(Available data):
-- Opening Marker --
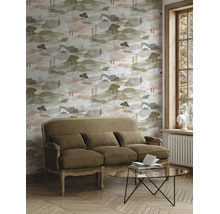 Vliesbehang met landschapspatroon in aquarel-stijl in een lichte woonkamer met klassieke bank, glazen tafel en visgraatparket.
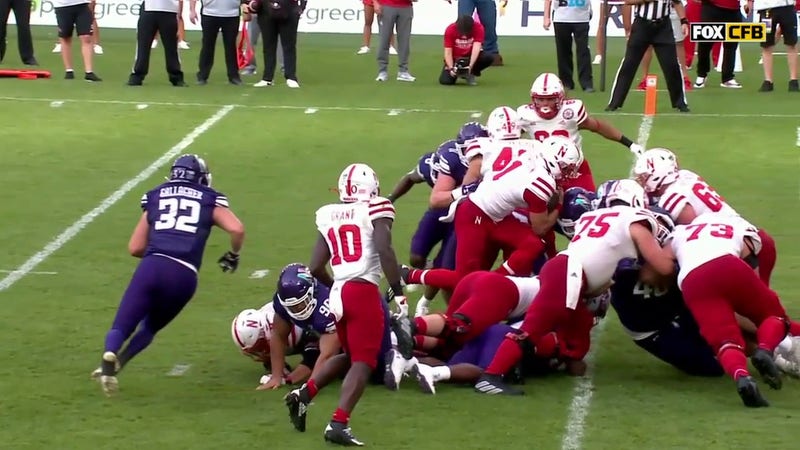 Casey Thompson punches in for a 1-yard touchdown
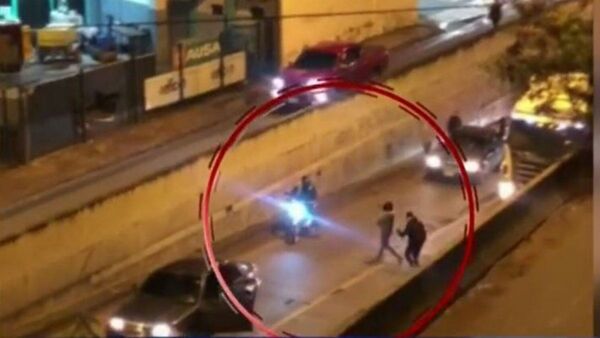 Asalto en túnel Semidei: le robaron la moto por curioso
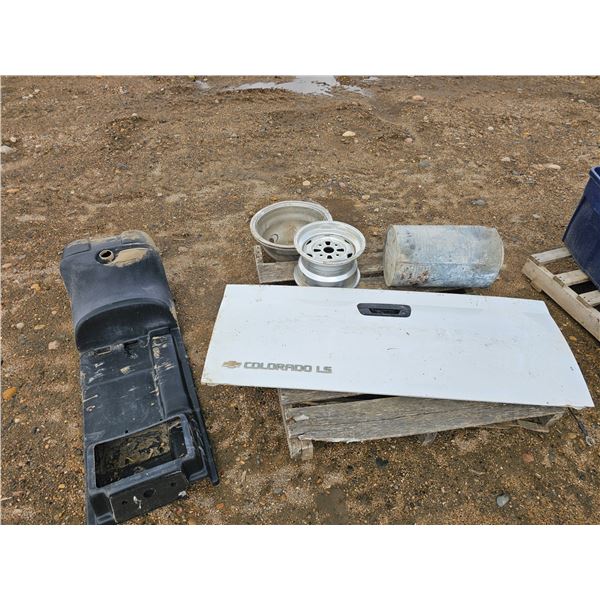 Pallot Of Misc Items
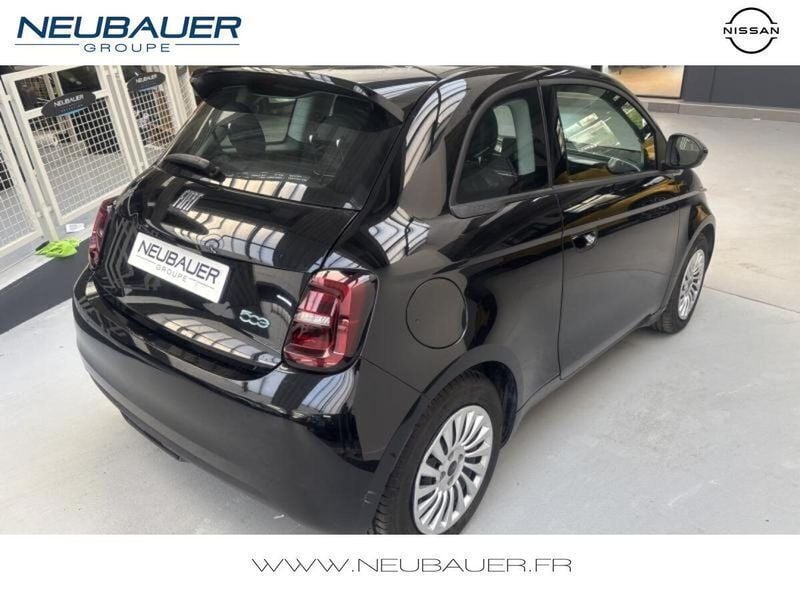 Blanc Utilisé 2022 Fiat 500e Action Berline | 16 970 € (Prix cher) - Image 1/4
-- Closing Marker --
(Task statement): Return the records above in their entirety, word for word, with the pictures removed.

(Solution for this problem):
 Vliesbehang met landschapspatroon in aquarel-stijl in een lichte woonkamer met klassieke bank, glazen tafel en visgraatparket.
 Casey Thompson punches in for a 1-yard touchdown
 Asalto en túnel Semidei: le robaron la moto por curioso
 Pallot Of Misc Items
 Blanc Utilisé 2022 Fiat 500e Action Berline | 16 970 € (Prix cher) - Image 1/4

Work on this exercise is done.